◆ What you are asked to do:
Only the lines in the entries below from the line with "Yeni doğmuş bir" to the line with "a swimming pool", both included, belong in the answer, transcribed exactly and without pictures.

◆ Exercise input:
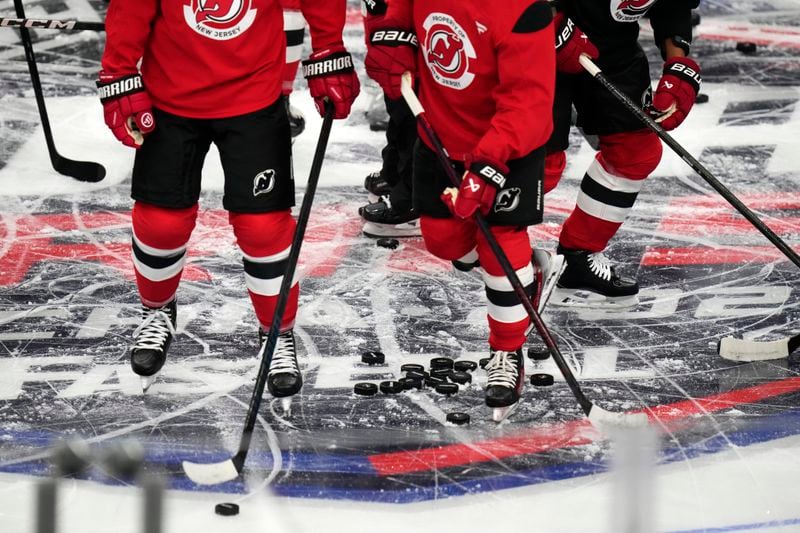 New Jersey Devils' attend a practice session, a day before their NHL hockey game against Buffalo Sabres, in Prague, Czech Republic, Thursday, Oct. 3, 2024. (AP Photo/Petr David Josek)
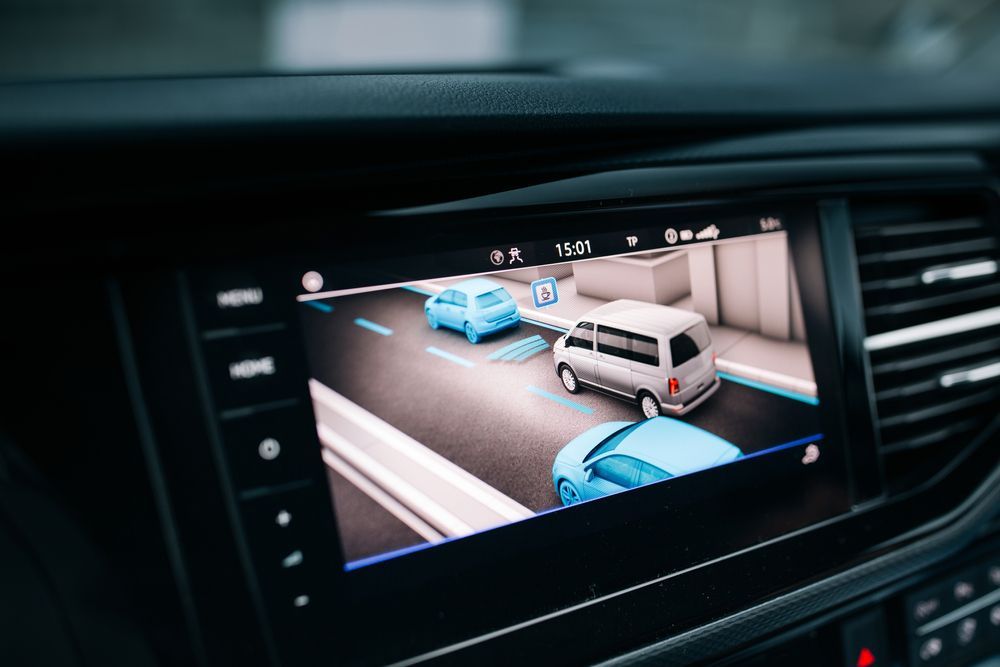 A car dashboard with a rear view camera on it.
---
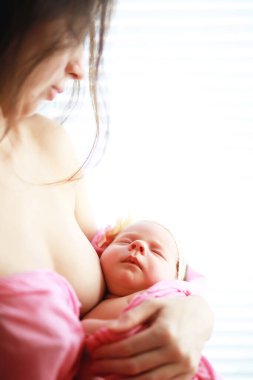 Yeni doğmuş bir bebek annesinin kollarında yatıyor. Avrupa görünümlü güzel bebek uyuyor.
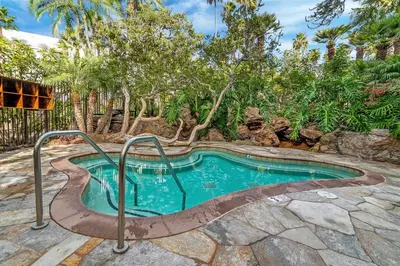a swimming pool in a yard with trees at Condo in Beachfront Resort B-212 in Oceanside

◆ Output of the exercise:
 Yeni doğmuş bir bebek annesinin kollarında yatıyor. Avrupa görünümlü güzel bebek uyuyor.
a swimming pool in a yard with trees at Condo in Beachfront Resort B-212 in Oceanside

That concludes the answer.